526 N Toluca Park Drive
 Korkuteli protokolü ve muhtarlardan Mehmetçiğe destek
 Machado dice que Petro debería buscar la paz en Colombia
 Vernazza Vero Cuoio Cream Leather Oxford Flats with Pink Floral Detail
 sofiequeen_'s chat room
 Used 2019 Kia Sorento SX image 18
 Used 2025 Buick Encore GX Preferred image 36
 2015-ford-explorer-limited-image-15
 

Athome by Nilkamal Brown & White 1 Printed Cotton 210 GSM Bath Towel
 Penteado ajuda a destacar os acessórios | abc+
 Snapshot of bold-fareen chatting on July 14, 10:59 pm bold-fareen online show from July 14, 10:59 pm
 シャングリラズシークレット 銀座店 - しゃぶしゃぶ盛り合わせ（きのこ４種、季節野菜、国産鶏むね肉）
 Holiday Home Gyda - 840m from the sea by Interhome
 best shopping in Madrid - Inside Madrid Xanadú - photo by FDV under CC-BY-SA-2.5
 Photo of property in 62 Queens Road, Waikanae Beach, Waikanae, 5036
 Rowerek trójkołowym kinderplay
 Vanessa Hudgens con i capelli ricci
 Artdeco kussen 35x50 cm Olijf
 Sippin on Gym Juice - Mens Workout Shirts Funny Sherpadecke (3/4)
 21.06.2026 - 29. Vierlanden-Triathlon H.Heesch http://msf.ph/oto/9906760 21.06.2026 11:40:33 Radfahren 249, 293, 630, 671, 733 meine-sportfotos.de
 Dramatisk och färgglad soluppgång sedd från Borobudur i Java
====================
▶ [What is required]: Scan the material for "from" and copy the lines that hold it.

▶ [Output for this task]:
 Snapshot of bold-fareen chatting on July 14, 10:59 pm bold-fareen online show from July 14, 10:59 pm
 Holiday Home Gyda - 840m from the sea by Interhome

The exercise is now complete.